▸ **Given data**:

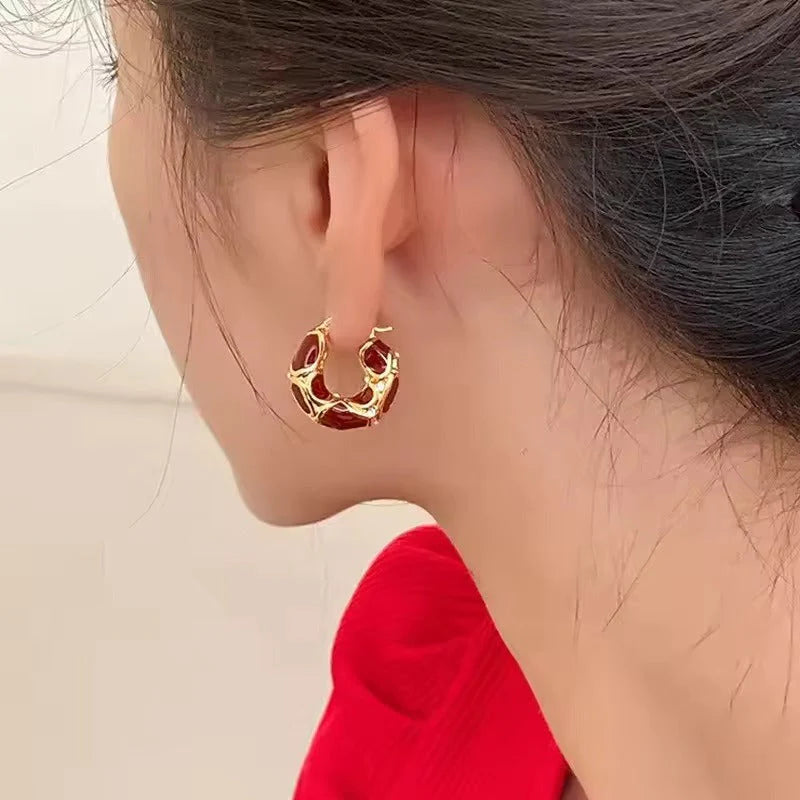 EMILY - ELEGANT GOLD EARRINGS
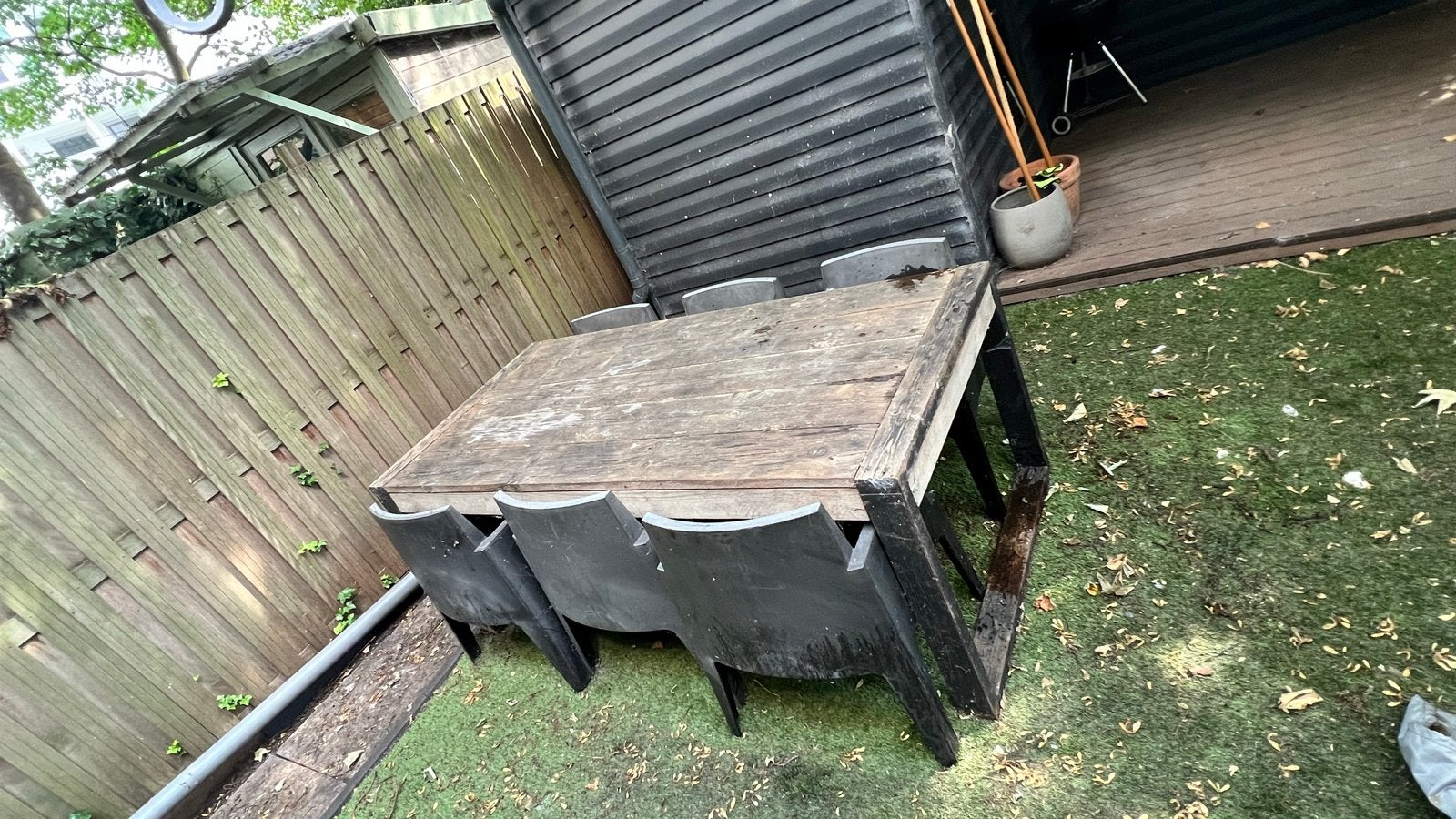 Gratis ophalen! Houten tuintafel, 6 plastic stoelen + hoesje, Tuin en Terras, Ophalen, Gebruikt, Rechthoekig, Hout
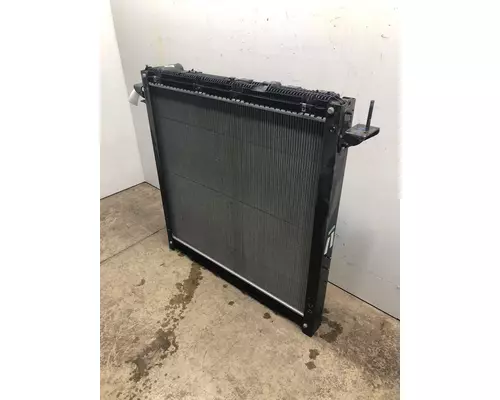 FREIGHTLINER Cascadia Radiator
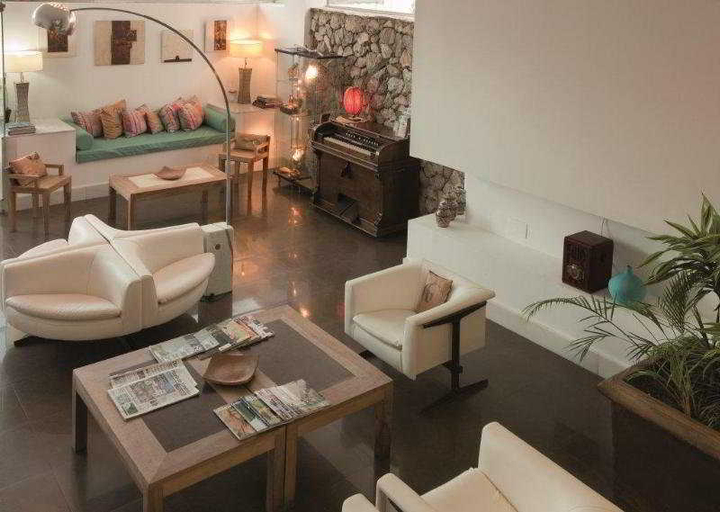 Public Area 4, MC San Jose, Almería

▸ **Activity**: Return the full listing exactly as written, without any of its images.

▸ **Response box**:
 EMILY - ELEGANT GOLD EARRINGS
 Gratis ophalen! Houten tuintafel, 6 plastic stoelen + hoesje, Tuin en Terras, Ophalen, Gebruikt, Rechthoekig, Hout
 FREIGHTLINER Cascadia Radiator
 Public Area 4, MC San Jose, Almería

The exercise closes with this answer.